Fresher foods: Most of the fruits and vegetables at farmers' markets have been picked within the previous 24 hours, whereas supermarket produce can be weeks old. Those blueberries on special this week at our Chicago supermarket were shipped here from New Jersey, while the farmers' market berries are driven in daily from Michigan, two hours away. Last year I compared both and found the Michigan berries to be the hands-down winner, with their fresh, white "bloom" and firm skins. The supermarket berries had a shriveled look and didn't taste as sweet. (This is why I try to avoid jet-lagged produce.) Freshness is especially critical for vegetables such as corn that need to be cooked or at least refrigerated shortly after picking, before their natural sugars convert to starch. Freshness means better flavor without the loss of valuable nutrients.

Such a deal: While some farmers' market items (such as blueberries) will cost more in small quantities than you'd pay at the supermarket, other items are quite a steal. I can buy five sweet red peppers for $1 and freeze them for those winter months when they cost $5 per pound. Buying pecks or half-bushels of peaches, apples and other items for canning or freezing will save you a good deal of money. Prices vary, so tour the market before you buy.

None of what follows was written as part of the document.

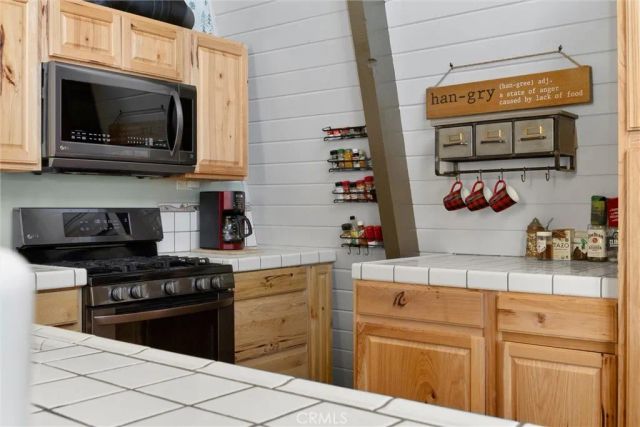 2116 Glacier Drive, Pine Mountain Club, CA 93222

Variety: Where else could you find ten varieties of peppers, five types of corn and at least two kinds of peaches? My last trip to market turned up purple peppers, pattypan squash and an astounding variety of herbs. Another nearby market carries an array of heirloom tomatoes. Farmers' markets also may carry plants, fresh-cut flowers, baked goods and unusual Wisconsin cheeses like basil Brie (yum!).